Benchmark Assignment – Health Screening and History of an Adolescent or Young Adult Client
In this assignment, you will be completing a comprehensive health screening and history on a young adult. To complete this assignment, do the following:
Select an adolescent or young adult client on whom to perform a health screening and history. Students who do not work in an acute setting may “practice” these skills with a patient, community member, neighbor, friend, colleague, or loved one.
Complete the “Health History and Screening of an Adolescent or Young Adult Client” worksheet.
Format the write-up in a manner that is easily read, computer-generated, neat, and without spelling errors.

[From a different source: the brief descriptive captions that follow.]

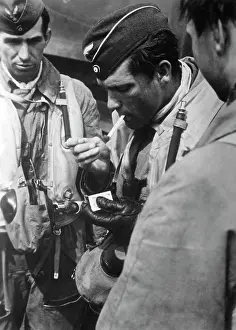 Klose: Flying personnel of the German Air Force - the Eastern Front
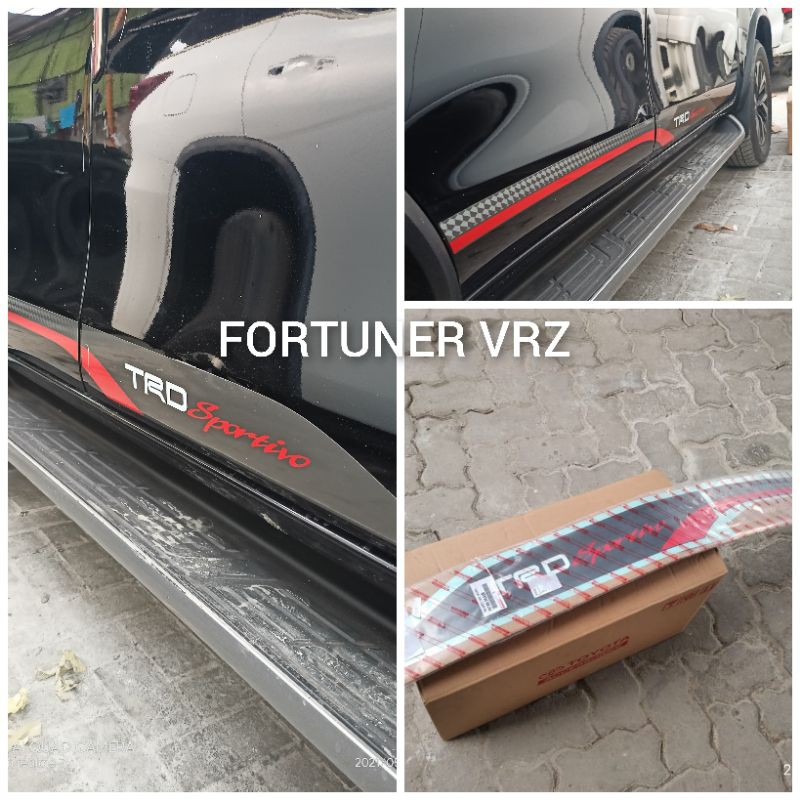 stiker body.original.fortuner.Vrz.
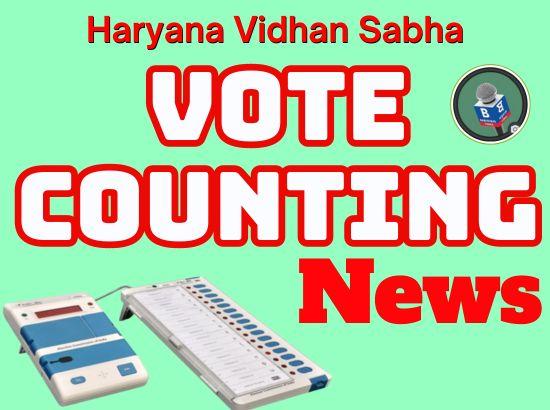 Haryana: Independent candidate Chitra Sarwana leading from Ambala Cantt (10:54 am)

Complete the assignment as outlined on the worksheet, including:
2.Past Health History
3.Family History: Obstetrics History (if applicable) and Well Young Adult Behavioral Health History Screening
4.Review of Systems
5.Include all components of the health history
6.Use correct acronyms or abbreviations when indicated
7.Develop three Nursing Diagnoses for this client based on the health history and screening. Include: one actual nursing diagnosis, one wellness nursing diagnosis, one “Risk For” nursing diagnosis, and your rationale for the choice of each nursing diagnosis for this client.
8.Using the three nursing diagnoses you have identified, develop a wellness plan for the adolescent/young adult client
Health History and Screening of an Adolescent or Young Adult Client
Save this form on your computer as a Microsoft Word document. You can expand or shrink each area as you need to include the relevant data for your client.
Student Name: Date:
Patient/Client Initials: Phone No:
Birth Date: Age: Sex:
Birthplace: Marital Status:
Financial Status: (Income adequate for lifestyle and/or health concerns. Is there a source of health insurance? Employment disability?)
Source and Reliability of Informant:
Past Use of Health Care System and Health Seeking Behaviors:
Present Health or History of Present Illness:
Past Health History
General Health: (Patient’s own words)
Allergies: (include food and medication allergies)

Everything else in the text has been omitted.